# EXCEL US-Datum in DE-Datum



## Grunge (30. Mai 2013)

Hallo Leute,
habe ein kleines Problem google hat mir nicht weitergeholfen. Ich habe in einer Exel Datei Messwerte von einem Temperatursensor gespeichert. Mein Problem ist nur: Er hats im US Format gespeichert, und dazu auch noch kreuz und quer . . . Ich bin am durchdrehen.

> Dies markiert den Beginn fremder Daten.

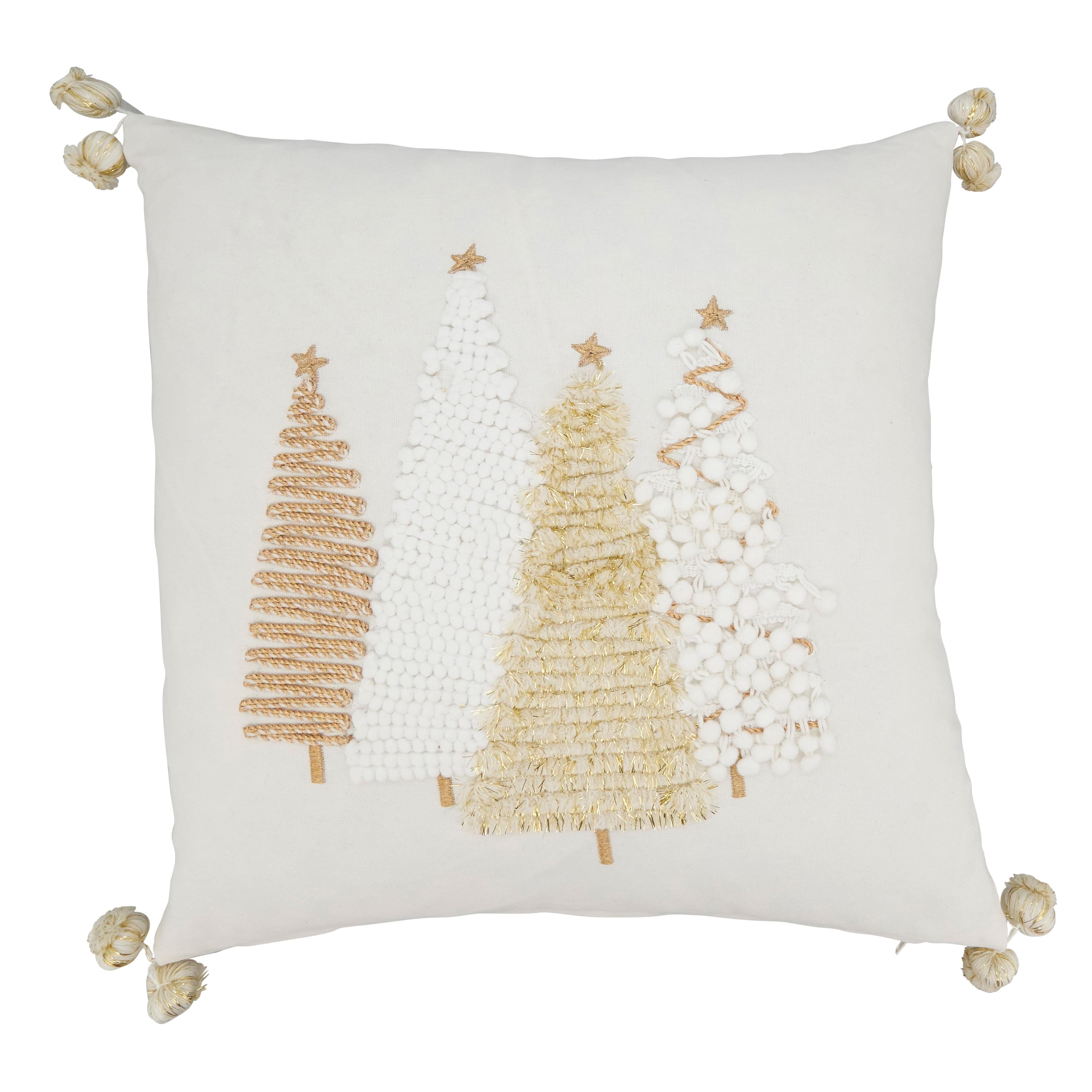 Saro Hallel Collection Cotton Pillow Cover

Alsooo...Teilweise hab ich durch Zellen formatieren schon das richtige Format hergestellt aber nun habe ich gesehen, dass zwischen durch folgendes Format besteht:

MM.TT.JJJJ hh:mm am/pm

das am/pm soll wech! und dafür halt im 24h-Rythmus die Uhrzeit angegeben werden. Und das MM und TT muss natürlich vertauscht werden, am Ende soll das also so ausschauen

TT.MM.JJJJ hh:mm

Wie mach ich das! Am besten automatisiert, da ich ca. 21.000 Zeilen habe!


----------



## Yaslaw (30. Mai 2013)

In Excel selber habe ich nix funktionierendes gefunden. Aber mit VBA gehts ganz locker
Erstelle in deinem Exceldokument ein Modul und kopiere die folgende Funktion hinein.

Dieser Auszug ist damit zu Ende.